Admit it, a cookie sounds kind of good right now, doesn’t it?

There are other reasons why qualitative testing isn’t great at predicting future behavior, but I’m not going to bore you with them. The fact is, it’s simply not the most efficient or effective method for answering the question, “If I build it, will they come?”

What Questions Can Qualitative Research Answer Well?

Qualitative research is phenomenal for telling you whether your users can do X. It tells you whether the feature makes sense to them and whether they can complete a given task successfully.

To a smaller extent, it can even tell you whether they are likely to enjoy performing the task, and it can certainly tell you if they hate it. (Trust me, run a few user tests on a feature they hate. You’ll know.)

This obviously has some effect on whether the user will do X, since he’s a lot more likely to do it if it isn’t annoying or difficult. But it’s really better at predicting the negative case (i.e., the user most likely won’t use this feature in its present iteration) than the positive one.

Sometimes qualitative research can also give you marginally useful feedback if your users are extremely likely or unlikely to make a purchase. For example, if you were to show them an interactive prototype with the new feature built into it, you might be able to make a decent judgment based on their immediate reactions if all of your participants were exceptionally excited or incredibly negative about a particular feature.

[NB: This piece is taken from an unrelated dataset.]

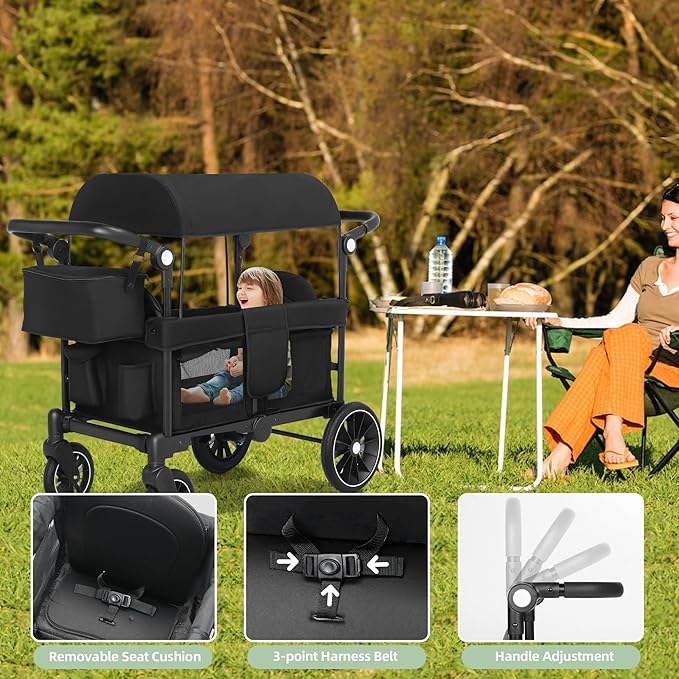 Wagon Stroller for 2 Kids, All-Terrain Stroller Wagon, Foldable Kids Wagon Cart Featuring with Harnesses, Adjustable Double Push Handle, Removable Canopy, Snack Tray, Large Storage Bag, Black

Unfortunately, in my experience, this is the exception rather than the rule. It’s rare that a participant in a study sees a new feature and shrieks with delight or recoils in horror. Although, to be fair, I’ve seen both.

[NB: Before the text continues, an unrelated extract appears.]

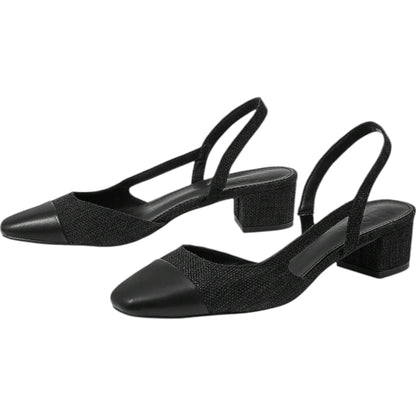 SHE fekete slingback szandál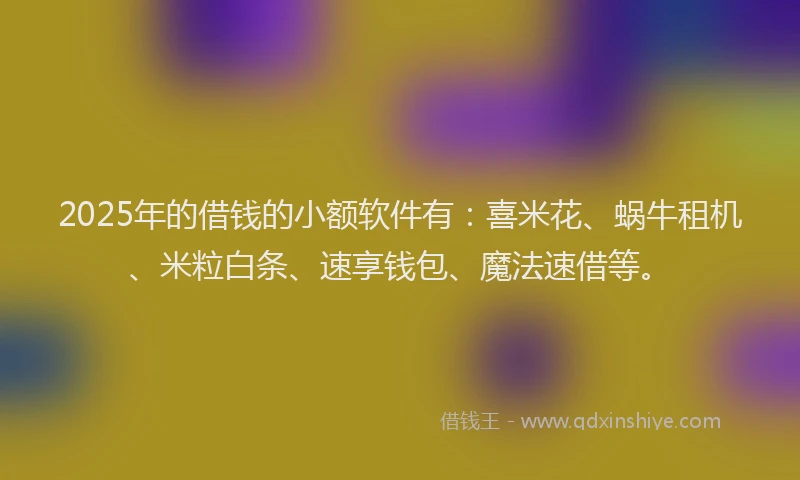 2025年的借钱的小额软件有：喜米花、蜗牛租机、米粒白条、速享钱包、魔法速借等。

What’s the Best Way to Answer This Question?

Luckily, this is a question that can be pretty effectively answered using quantitative data, even before you build a whole new feature. A lot of companies have had quite a bit of success with adding a “fake” feature or doing a landing-page test.

For example, one client who wanted to know the expected purchase conversion rate before it did all the work to integrate purchasing methods and accept credit cards simply added a buy button to each of its product pages. When a customer clicked the button, he was told the feature was not quite ready, and the click was registered so that the company could tell how many people were showing a willingness to buy.

By measuring the number of people who thought they were making a commitment to purchase, the client was able to estimate more effectively the number of people who would actually purchase if given the option.

The upshot is that the only really effective way to tell if users will do something is to set up a test and watch what they actually do, and that requires a more quantitative testing approach.

Are There Other Questions You Can’t Answer Qualitatively?

Yep. Tons of them.

The most important thing to remember when you’re trying to decide whether to go with qualitative or quantitative is to ask yourself whether you want to know what is happening or why that particular thing is happening.

If you want to measure something that exists, like traffic or revenue or how many people click on a particular button, then you want quantitative data. If you want to know why you lose people out of your purchase funnel or why people all leave once they hit a specific page, or why people seem not to click that button, then you need qualitative.

Go Do This Now!

  • Go from quant to qual: Try looking at your funnel metrics to understand where you are having problems, and then run a qualitative study to understand why users are having problems in those places.

  • Go from qual to quant: Try making a change based on your qualitative research learnings and measuring that change with an A/B test.